[Exercise inputs]

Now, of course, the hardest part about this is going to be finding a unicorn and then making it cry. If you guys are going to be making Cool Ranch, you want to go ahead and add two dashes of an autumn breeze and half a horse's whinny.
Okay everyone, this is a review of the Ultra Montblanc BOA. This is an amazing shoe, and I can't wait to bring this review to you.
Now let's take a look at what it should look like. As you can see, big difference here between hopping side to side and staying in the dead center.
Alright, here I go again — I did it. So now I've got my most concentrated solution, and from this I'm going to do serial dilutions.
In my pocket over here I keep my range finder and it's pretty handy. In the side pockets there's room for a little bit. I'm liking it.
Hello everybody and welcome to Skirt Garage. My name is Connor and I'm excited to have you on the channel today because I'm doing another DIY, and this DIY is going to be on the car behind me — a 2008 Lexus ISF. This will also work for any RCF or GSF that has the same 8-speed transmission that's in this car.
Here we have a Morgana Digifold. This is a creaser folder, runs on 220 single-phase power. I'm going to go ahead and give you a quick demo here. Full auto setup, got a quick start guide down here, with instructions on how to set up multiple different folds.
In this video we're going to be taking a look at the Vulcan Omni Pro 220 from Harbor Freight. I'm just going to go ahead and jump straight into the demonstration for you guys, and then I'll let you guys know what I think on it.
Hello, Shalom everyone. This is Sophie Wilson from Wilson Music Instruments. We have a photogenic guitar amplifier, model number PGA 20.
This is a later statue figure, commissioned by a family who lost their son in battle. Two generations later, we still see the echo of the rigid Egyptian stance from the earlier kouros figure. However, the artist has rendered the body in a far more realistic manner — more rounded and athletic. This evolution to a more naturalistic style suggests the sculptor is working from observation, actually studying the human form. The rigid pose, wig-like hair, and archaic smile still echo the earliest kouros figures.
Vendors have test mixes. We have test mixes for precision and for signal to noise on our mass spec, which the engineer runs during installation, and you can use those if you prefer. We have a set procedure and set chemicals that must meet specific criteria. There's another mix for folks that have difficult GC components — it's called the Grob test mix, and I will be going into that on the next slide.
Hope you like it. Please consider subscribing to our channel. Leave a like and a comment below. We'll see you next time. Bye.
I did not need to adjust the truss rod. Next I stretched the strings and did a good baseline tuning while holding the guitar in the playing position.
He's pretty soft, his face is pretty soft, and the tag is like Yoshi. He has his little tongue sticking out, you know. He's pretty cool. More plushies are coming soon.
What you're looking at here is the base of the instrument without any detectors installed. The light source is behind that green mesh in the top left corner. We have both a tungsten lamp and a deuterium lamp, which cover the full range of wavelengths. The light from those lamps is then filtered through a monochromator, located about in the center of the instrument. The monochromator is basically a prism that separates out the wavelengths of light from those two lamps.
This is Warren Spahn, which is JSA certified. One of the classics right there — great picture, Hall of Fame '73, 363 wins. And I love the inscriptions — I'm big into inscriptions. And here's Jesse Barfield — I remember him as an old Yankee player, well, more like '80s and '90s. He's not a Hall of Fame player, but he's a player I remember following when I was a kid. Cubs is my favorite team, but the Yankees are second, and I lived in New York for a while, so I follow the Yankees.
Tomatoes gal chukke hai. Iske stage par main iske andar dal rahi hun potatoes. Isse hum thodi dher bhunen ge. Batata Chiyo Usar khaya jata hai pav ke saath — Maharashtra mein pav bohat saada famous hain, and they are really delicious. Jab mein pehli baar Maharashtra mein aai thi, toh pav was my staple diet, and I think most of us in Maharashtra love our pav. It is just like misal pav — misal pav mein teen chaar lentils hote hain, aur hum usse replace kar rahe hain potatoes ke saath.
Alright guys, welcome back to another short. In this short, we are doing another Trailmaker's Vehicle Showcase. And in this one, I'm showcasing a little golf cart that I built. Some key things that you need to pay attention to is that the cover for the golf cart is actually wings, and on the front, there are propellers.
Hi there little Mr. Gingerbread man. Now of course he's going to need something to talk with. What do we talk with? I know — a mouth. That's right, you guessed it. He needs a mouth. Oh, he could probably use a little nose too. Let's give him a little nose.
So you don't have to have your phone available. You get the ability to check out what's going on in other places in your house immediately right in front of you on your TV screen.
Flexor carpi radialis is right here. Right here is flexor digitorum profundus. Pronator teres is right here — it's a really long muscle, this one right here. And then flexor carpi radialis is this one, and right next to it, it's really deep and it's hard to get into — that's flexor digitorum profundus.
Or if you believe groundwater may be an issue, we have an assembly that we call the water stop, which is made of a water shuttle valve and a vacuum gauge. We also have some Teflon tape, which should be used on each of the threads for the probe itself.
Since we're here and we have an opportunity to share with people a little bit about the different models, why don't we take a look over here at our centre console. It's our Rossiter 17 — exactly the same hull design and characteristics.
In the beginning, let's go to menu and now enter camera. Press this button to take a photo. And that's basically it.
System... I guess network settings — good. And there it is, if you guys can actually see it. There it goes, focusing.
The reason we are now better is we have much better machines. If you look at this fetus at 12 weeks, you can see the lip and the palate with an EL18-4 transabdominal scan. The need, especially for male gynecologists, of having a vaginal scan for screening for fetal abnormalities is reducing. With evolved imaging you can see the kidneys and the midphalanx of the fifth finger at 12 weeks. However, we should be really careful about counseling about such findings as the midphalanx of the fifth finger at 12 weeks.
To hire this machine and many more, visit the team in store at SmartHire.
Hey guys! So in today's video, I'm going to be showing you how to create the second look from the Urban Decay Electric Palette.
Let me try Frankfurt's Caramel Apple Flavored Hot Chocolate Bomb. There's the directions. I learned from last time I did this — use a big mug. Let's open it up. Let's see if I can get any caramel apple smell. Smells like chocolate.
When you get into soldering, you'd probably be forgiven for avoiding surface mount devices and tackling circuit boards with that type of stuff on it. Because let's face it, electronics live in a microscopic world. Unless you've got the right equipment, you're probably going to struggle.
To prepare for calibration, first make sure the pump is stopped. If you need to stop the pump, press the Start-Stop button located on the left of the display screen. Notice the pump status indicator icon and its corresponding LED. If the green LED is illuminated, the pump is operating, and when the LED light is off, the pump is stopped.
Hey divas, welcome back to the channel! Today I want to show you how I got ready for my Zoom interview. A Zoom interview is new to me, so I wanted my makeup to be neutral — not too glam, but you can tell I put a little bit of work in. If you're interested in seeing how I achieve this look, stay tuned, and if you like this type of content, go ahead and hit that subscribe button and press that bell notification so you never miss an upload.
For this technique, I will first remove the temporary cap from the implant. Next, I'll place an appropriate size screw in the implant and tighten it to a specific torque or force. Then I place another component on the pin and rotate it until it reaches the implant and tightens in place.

[/Exercise inputs]

■ **Task brief**: Copy out each line of the data that includes the string "Alright".

■ **Reply**:
Alright, here I go again — I did it. So now I've got my most concentrated solution, and from this I'm going to do serial dilutions.
Alright guys, welcome back to another short. In this short, we are doing another Trailmaker's Vehicle Showcase. And in this one, I'm showcasing a little golf cart that I built. Some key things that you need to pay attention to is that the cover for the golf cart is actually wings, and on the front, there are propellers.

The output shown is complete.